Problem details:
Beginning at the line that contains "技嘉b150u盤裝系統", reproduce the entries below exactly, ending with the line that contains "只有尾巴不可以盖子犬微博超话漫画,暗爽的青铭2图". Omit each picture.

Exercise data below:

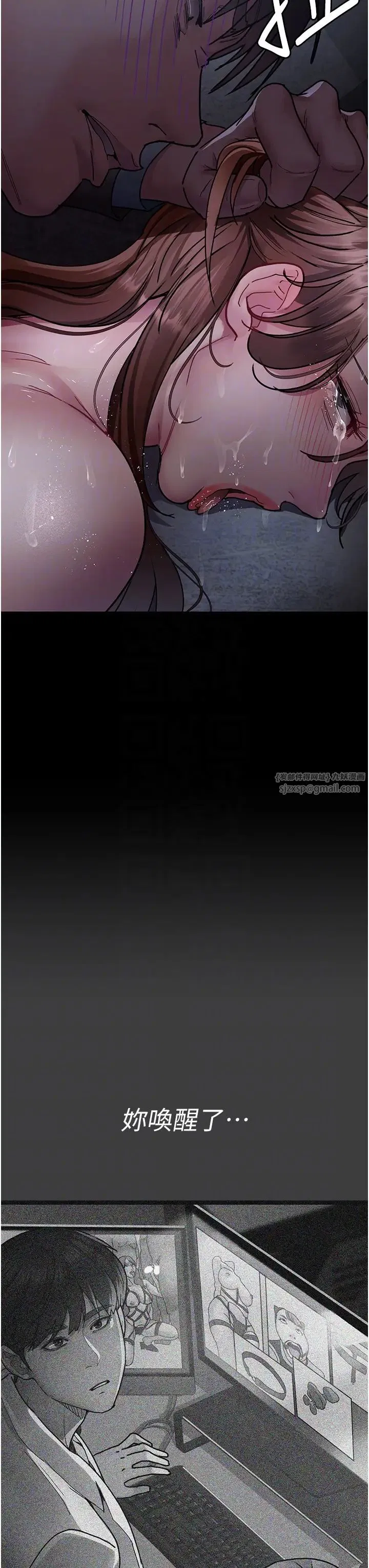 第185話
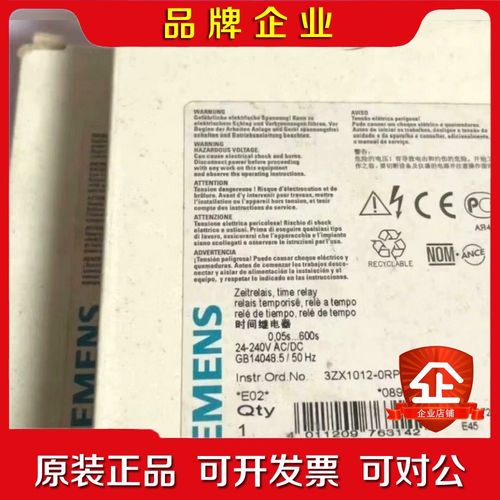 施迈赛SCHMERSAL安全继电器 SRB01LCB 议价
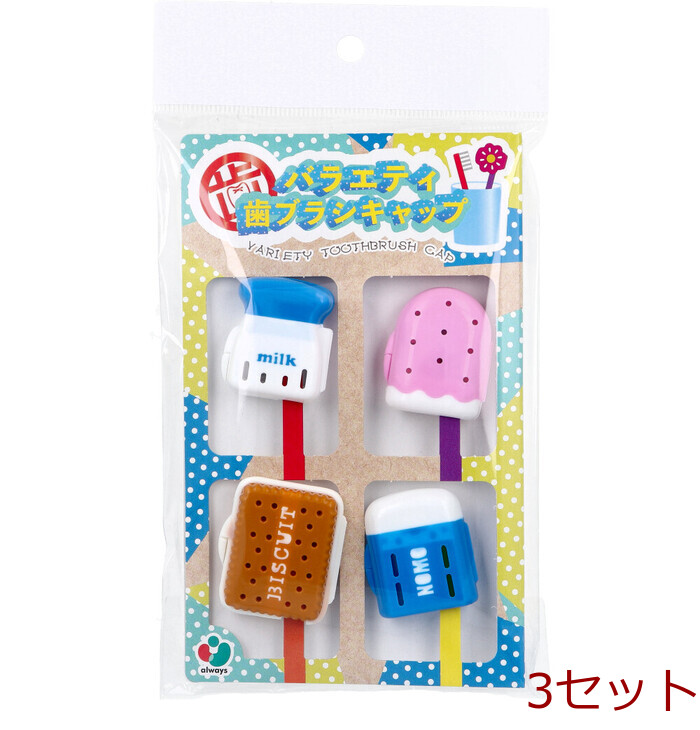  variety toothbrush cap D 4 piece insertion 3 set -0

End of Exercise data.
Exercise data below:

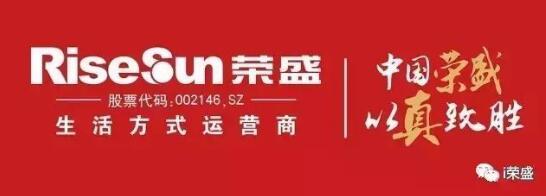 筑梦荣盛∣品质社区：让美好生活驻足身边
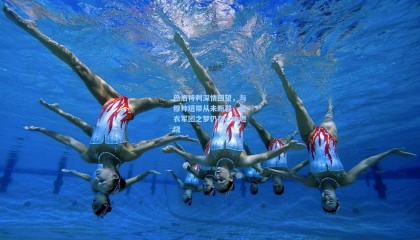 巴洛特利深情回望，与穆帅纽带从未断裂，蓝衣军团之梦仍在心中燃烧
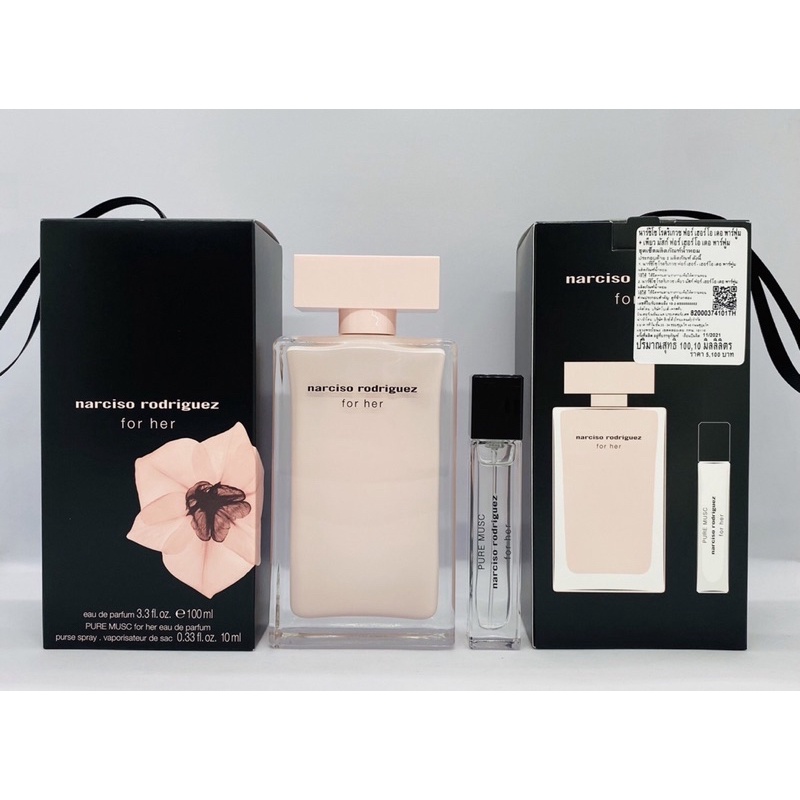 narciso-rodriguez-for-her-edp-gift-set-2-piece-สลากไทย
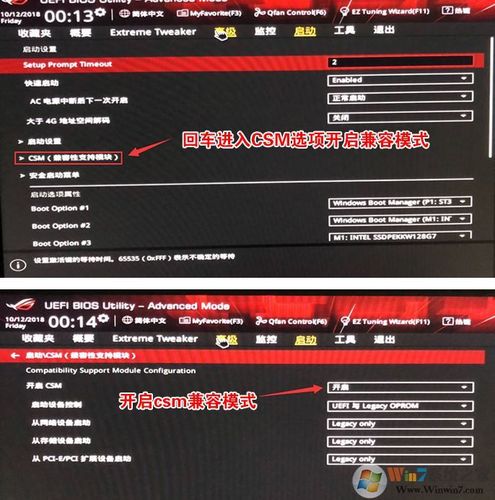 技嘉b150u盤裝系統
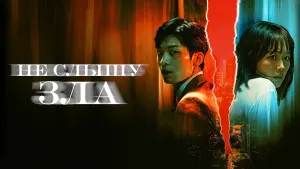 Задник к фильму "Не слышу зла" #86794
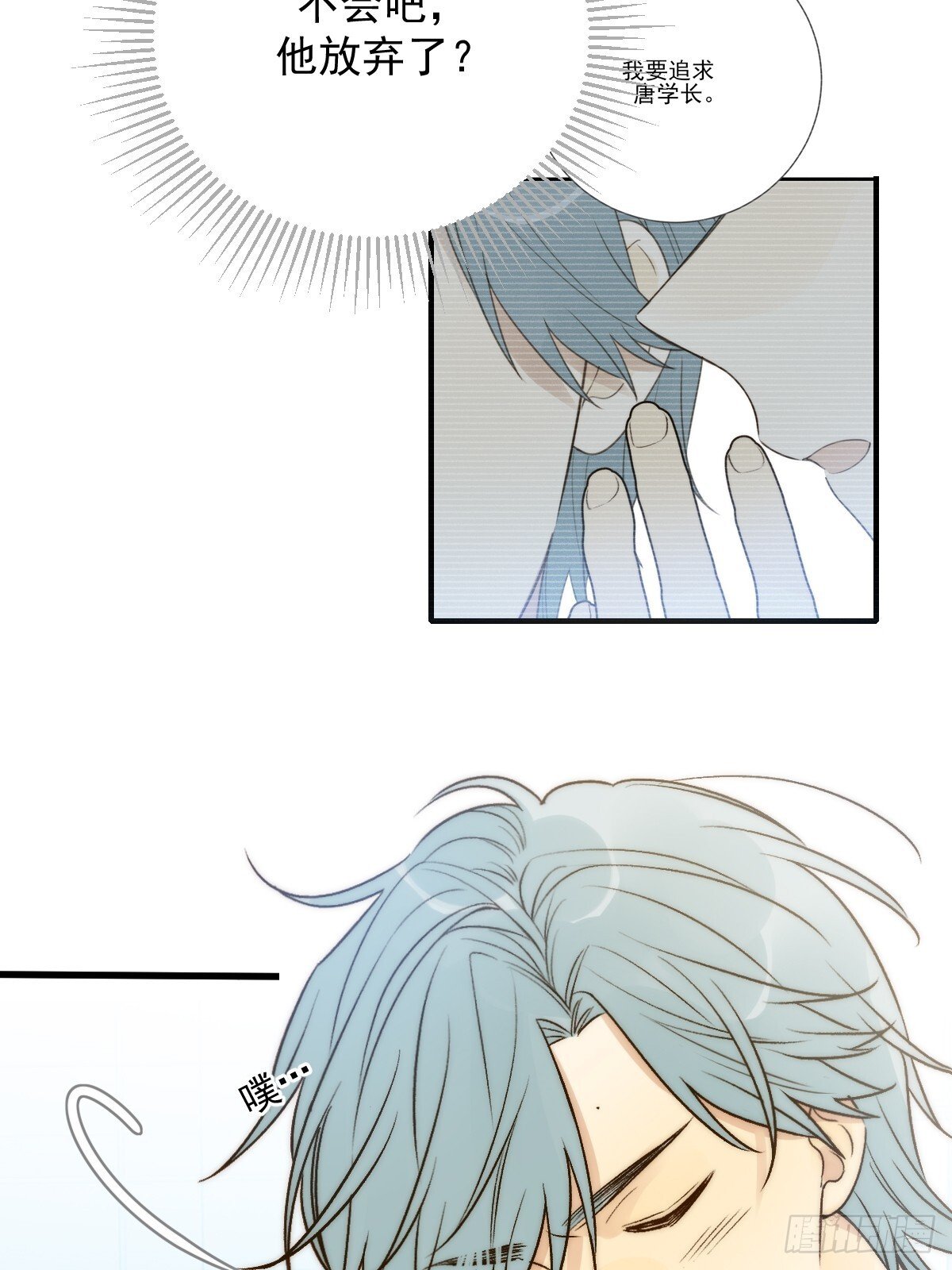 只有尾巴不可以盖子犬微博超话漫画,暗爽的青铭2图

End of Exercise data.

Response:
 技嘉b150u盤裝系統
 Задник к фильму "Не слышу зла" #86794
 只有尾巴不可以盖子犬微博超话漫画,暗爽的青铭2图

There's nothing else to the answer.